Policy Based routing corrupting rt_tables

Hello,

For the last couple days I've been looking into issues with PBR. I have a remote router that's used for VPN traffic routing, it acts as both server and client, over 2 VPN bridges (OpenVPN). One bridge is partitioned into 2 VLANs as well. This complicated setup is because I don't have a public IP where I live, but my parents do so I connect through their network when on the go.

I've got one rule in PBR which says, traffic coming from the OpenVPN server connection needs to be routed through the client VPN bridge.

I've noticed that /etc/iproute2/rt_tables on the router gets corrupted with tables without names (I can see table ids without names in it.) Over time there see to be more and more of those entries, not sure what's causing the issue. Sometimes it will happen when doing service pbr restart, but not if I do stop/start separately. If I just let it run, corrupted entries will pile up even without me restarting the service (perhaps it restarts on its own and keeps generating entries, but not sure how to figure that out ...). Needless to say PBR service will no longer restart gracefully when corrupted entries are there, also can't say whether the routing is still effective / working at allwhen those entries are present.
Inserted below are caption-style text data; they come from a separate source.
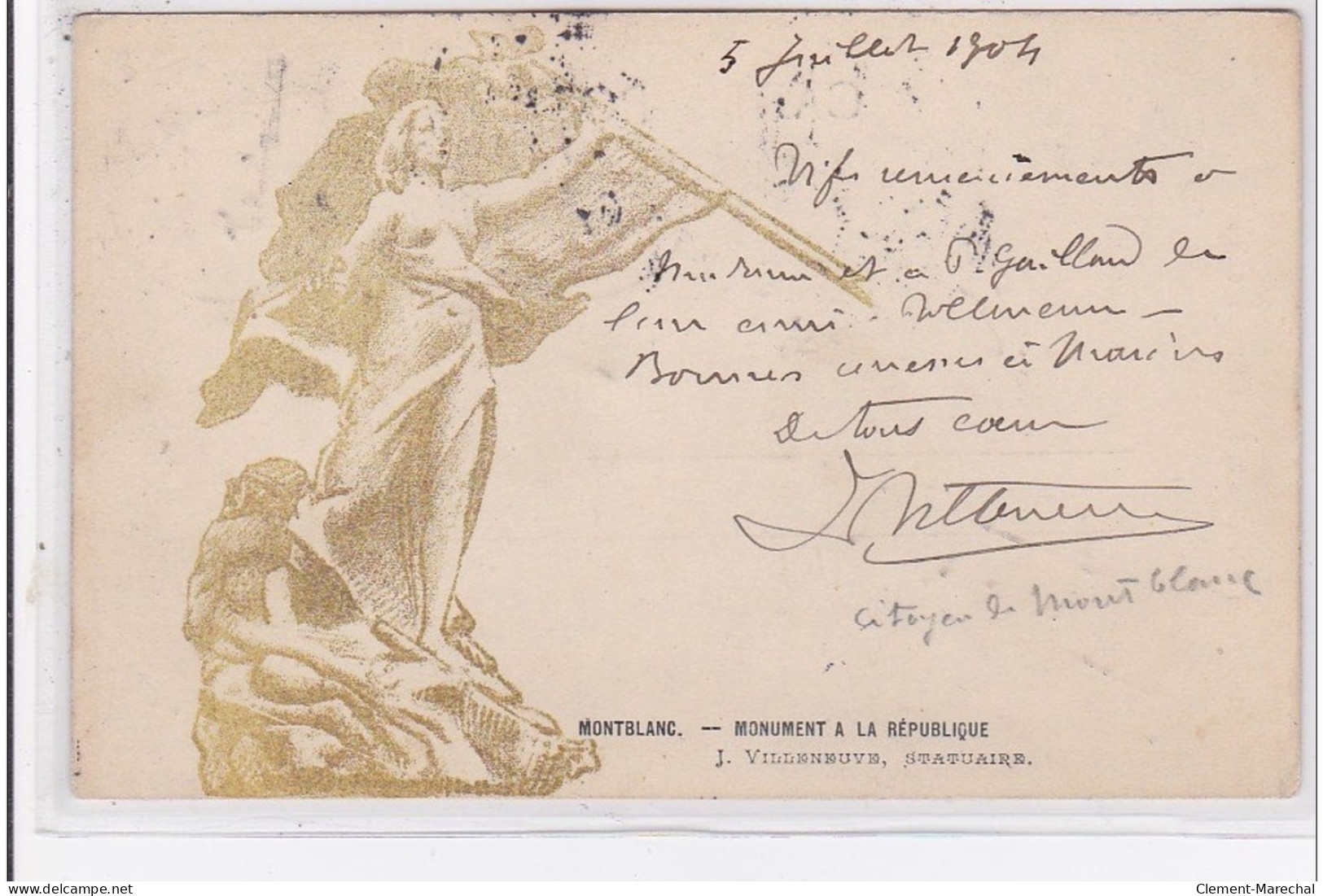 MONTBLANC : Le Monument De La République Avec L'autographe De L'auteur Le Statuaire VILLENEUVE - Bon état - Other & Unclassified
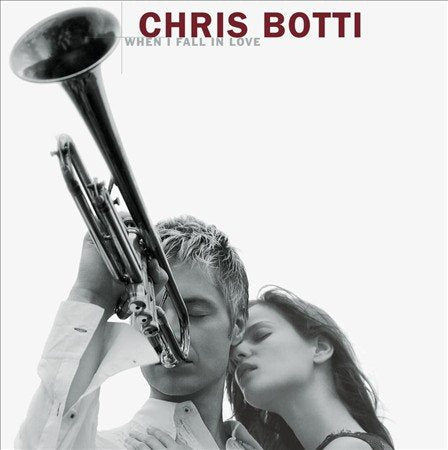 Chris Botti - When I Fall In Love |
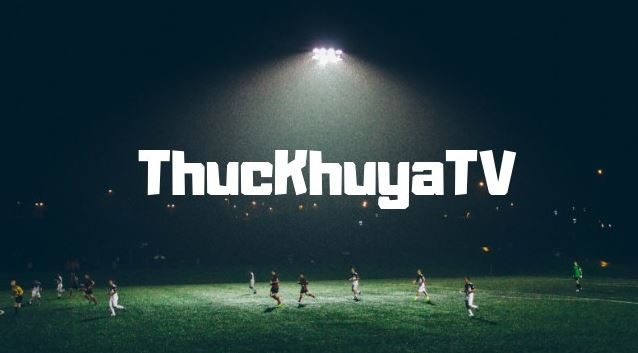Thuckhuya TV soi kèo chuẩn nhất hiện nay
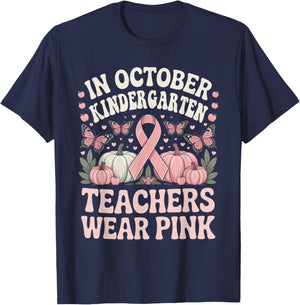 in October Kindergarten Teachers Wear Pink Breast Cancer T-Shirt - T-Shirt | Navy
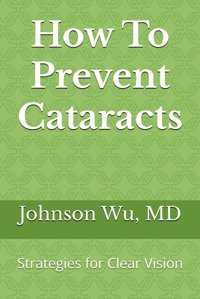 How To Prevent Cataracts: Strategies For Clear Vision Wu, Dr. Johnson Loons Press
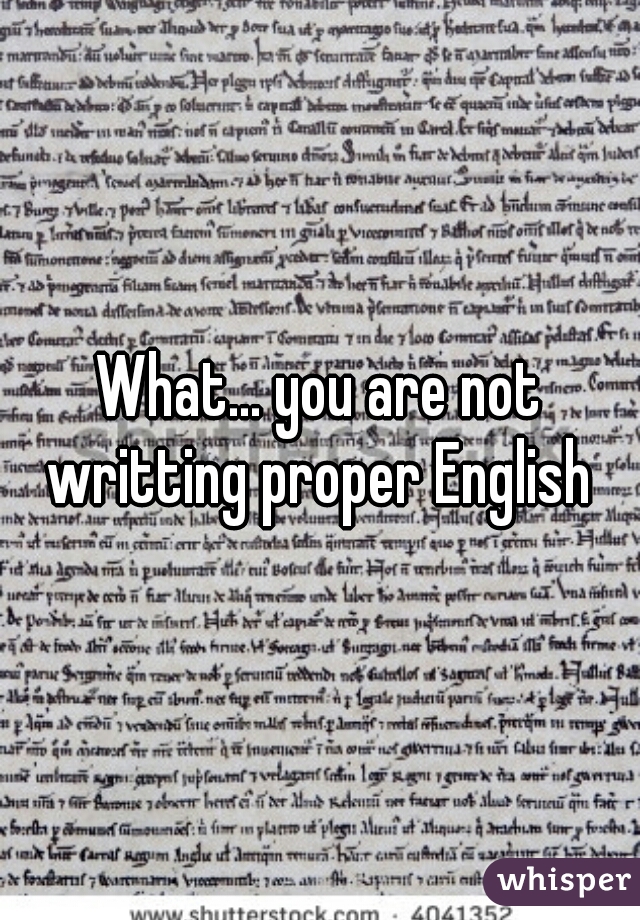 What... you are not writting proper English 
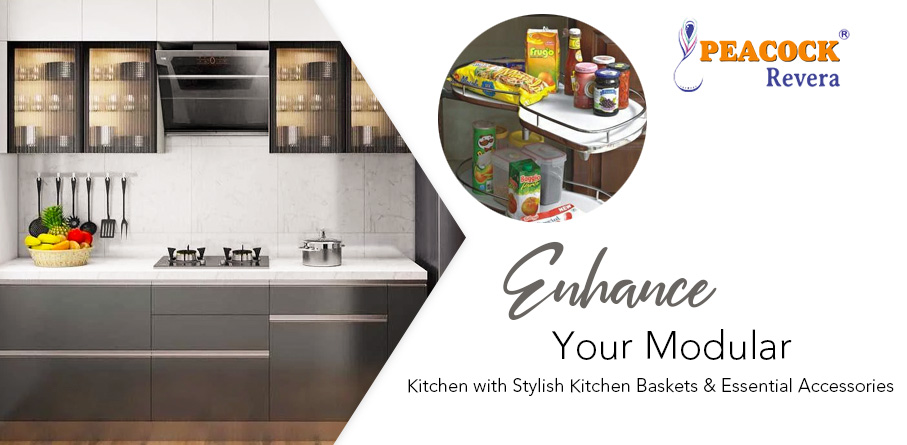Enhance Your Modular Kitchen with Stylish Kitchen Baskets & Essential Accessories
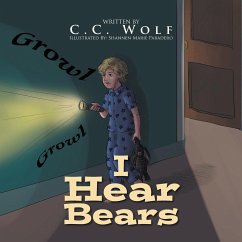 I Hear Bears - Wolf, C. C.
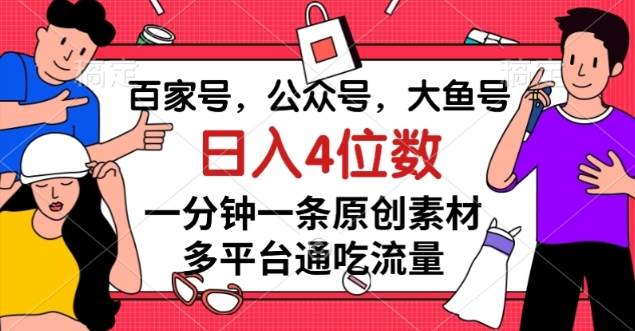 百家号，公众号，大鱼号一分钟一条原创素材，多平台-三石淘金网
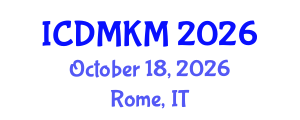 International Conference on Data Mining and Knowledge Management (ICDMKM) October 18, 2026 - Rome, Italy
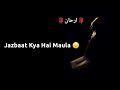 Ali Maula WhatsApp Status Salim Merchant Kurbaan Saif Ali Khan Kareena Kapoor Khan
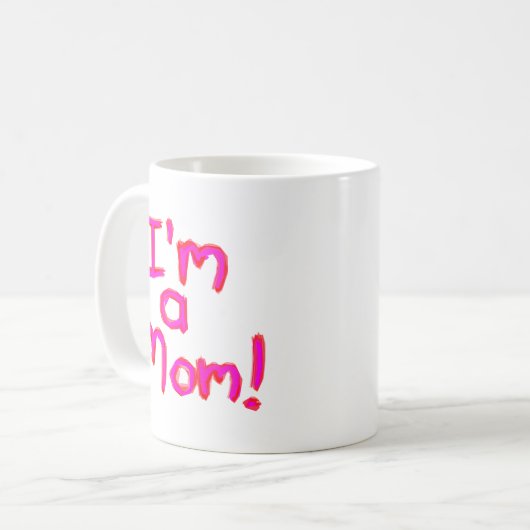 Ich bin eine MAMA! Kaffeetasse (Vorderseite Links)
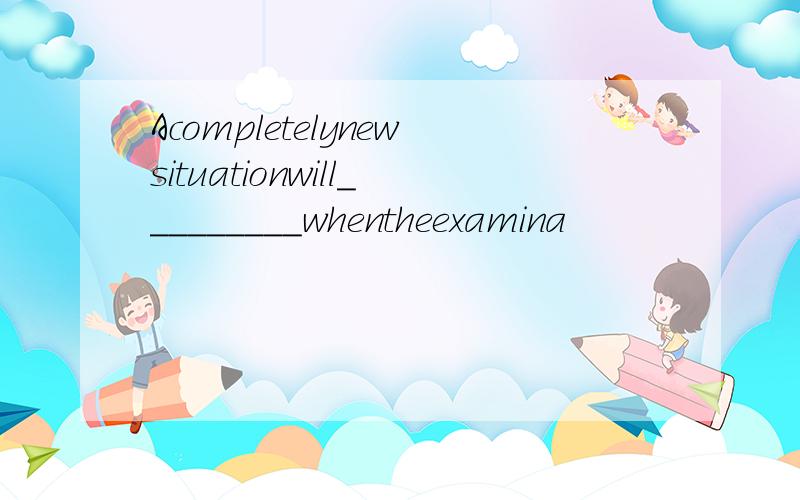 Acompletelynewsituationwill_________whentheexamina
Happy to provide more logs if someone can tell me what to look at.

Thanks!

The TIDs that pbr inserts would have the pbr_ prefix in it. It's essentially hardcoded: https://github.com/openwrt/packages/blob/4ecd9d67e90651a8e93760bf0b5771f7057c74a8/net/pbr/files/etc/init.d/pbr.init#L49

https://github.com/openwrt/packages/blob/4ecd9d67e90651a8e93760bf0b5771f7057c74a8/net/pbr/files/etc/init.d/pbr.init#L1666

I don't see how use of pbr would create tables without names. I highly suspect there are other factors at play here.
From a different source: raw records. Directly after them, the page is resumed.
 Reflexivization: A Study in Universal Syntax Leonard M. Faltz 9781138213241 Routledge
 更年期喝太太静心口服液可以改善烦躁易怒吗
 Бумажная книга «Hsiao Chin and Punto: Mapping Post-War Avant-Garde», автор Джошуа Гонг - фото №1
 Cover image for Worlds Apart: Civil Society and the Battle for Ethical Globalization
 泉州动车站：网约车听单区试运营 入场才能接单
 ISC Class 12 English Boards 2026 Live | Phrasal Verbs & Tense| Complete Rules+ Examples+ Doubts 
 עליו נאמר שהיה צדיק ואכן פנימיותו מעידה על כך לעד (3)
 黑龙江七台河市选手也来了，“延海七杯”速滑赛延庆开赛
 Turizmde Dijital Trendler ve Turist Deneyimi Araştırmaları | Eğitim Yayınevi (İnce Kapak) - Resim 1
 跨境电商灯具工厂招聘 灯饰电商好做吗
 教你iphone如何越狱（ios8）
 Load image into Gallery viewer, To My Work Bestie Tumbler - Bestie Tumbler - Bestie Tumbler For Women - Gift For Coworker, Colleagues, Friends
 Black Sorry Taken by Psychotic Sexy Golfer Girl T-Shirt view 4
Which device is that? Can you test your flash for corruption?

Device is TP-LINK Archer C7. Checked again this morning and I've got lots of empty entries.
I also have a flow to reproduce it:

  • remove corrupted entries from rt_tables
  • restart PBR, at this point no corruption
  • restart firewall which will also re-initialize PBR routes which will complain about corrupted entries (and rt_tables would show them)

To mention I've got a couple ignored interfaces in PBR config + some of the devices (for ignored and monitored itnerfaces) have names containing _ and ..
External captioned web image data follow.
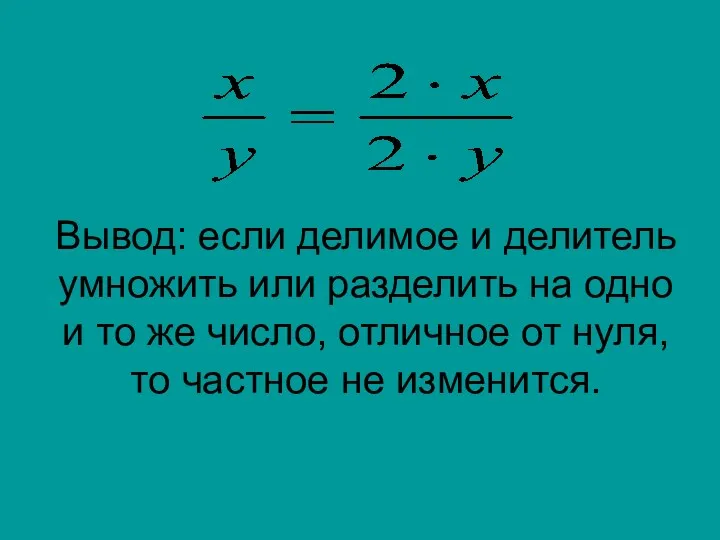 Вывод: если делимое и делитель умножить или разделить на одно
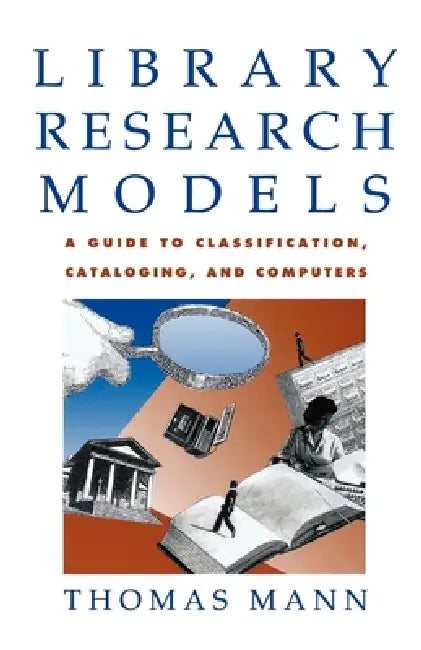 Library Research Models: A Guide to Classification, Cataloging, and Computers by Thomas Mann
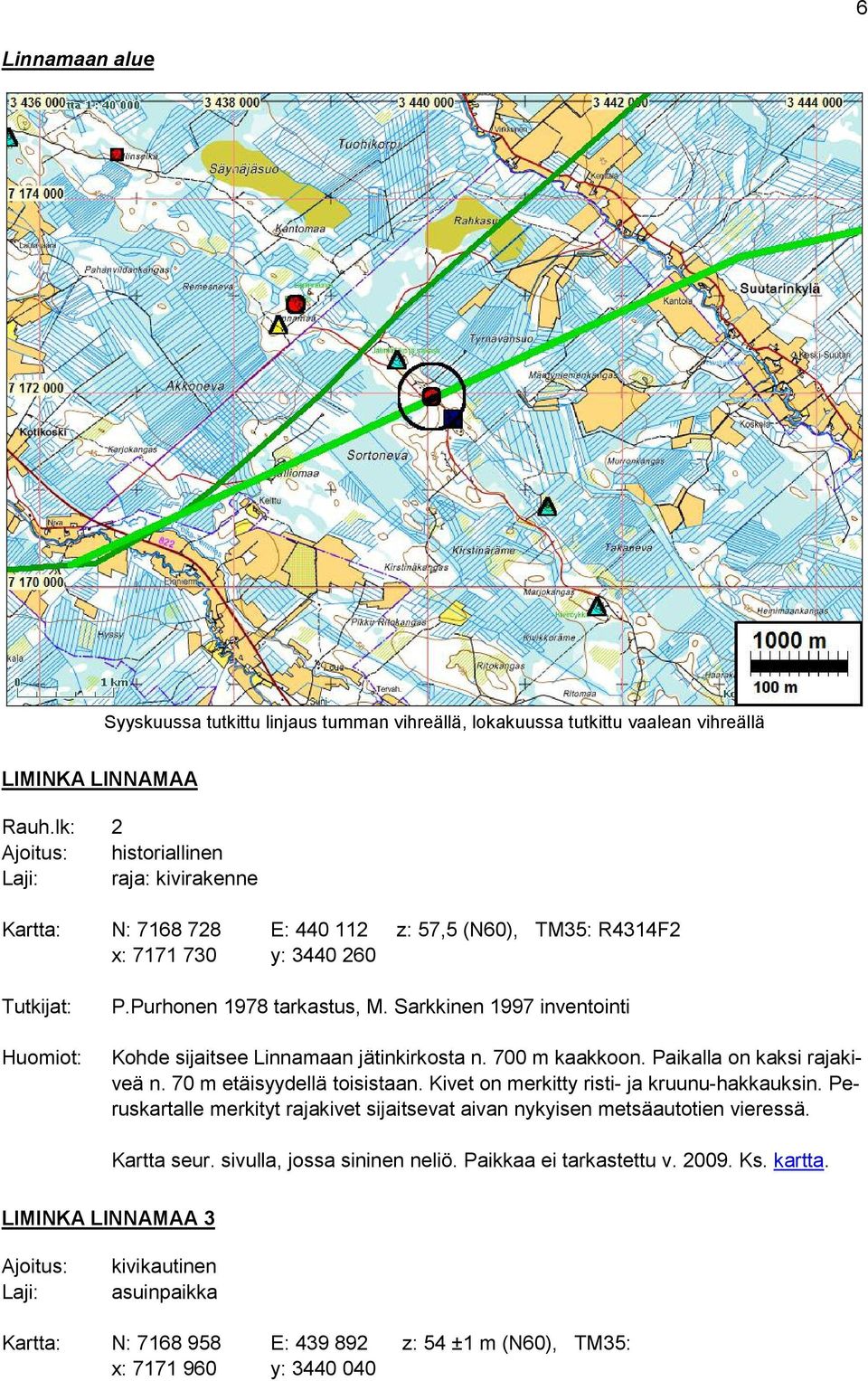 Sarkkinen 1997 inventointi Kohde sijaitsee Linnamaan jätinkirkosta n. 700 m kaakkoon. Paikalla on kaksi rajakiveä n. 70 m etäisyydellä toisistaan. Kivet on merkitty risti- ja kruunu-hakkauksin.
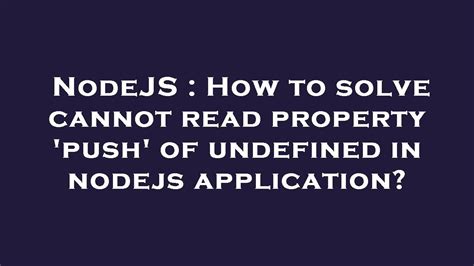 Unpacking the Mystery: Resolving 'Cannot Read Property 'Push' of Undefined' Error in Node.js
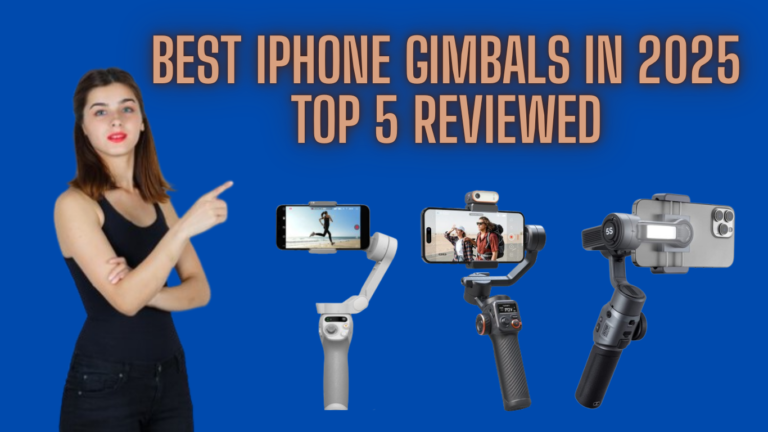 iPhone Gimbals in 2025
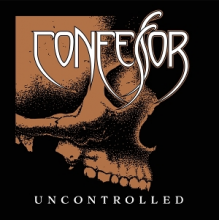 Confessor - Uncontrolled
When I'll have a bit of downtime for my network setup I'll disable PBR and let it run without to see if it fixes the issue. I'm not saying it's PBR, but haven't had that issue when not running it in the past (it's a new setup that I'm trying out now).

I'll check for flash corruption, don't know how yet but there must be tutorials, I'll be able to do it only if it doesn't require the router to be taken offline.

Thanks!

Noticed something else while watching the logs on the router, PBR re-initializes itself every 10 minutes and I can pinpoint the table creation to that ...

EDIT: Not every 10 mins, interval varies, but I can't see anything around it that would correlate.

Would be nice to see the uncorrupted /etc/iproute2/rt_tables from your router after pbr has successfully started.

Here you go

#
# reserved values
#
128     prelocal
255     local
254     main
253     default
0       unspec
#
# local
#
#1      inr.ruhep
256 pbr_wan
257 pbr_vpn
258 pbr_GPS
259 pbr_UNSEC_LON
260 pbr_UNSEC_LON6

I've added code to limit overwrites of this file unless the new interface is added in 1.0.1-3, it should be available from official repo as soon as buildbots get to packages.

Most kind of you doing this, many thanks!

Loaded the new version and provisionally done a service firewall restart.
Got this error on pbr init:

Setting up routing for 'UNSEC_LON/tap0_unsec/192.168.10.1' Error: argument "259
260" is wrong: invalid table ID

There are no corrupted entries in rt_tables though.

Try 1.0.1-5 from my repo. The pbr wasn't handling UNSEC_LON and UNSEC_LON6 well prior to that version.

I can't see the new version in the feed, do I need to load it manually somehow?
Thanks!

What feed are you referring to?

1 Like

I can't upgrade to version 1.0.1-5 as it hasn't been published yet.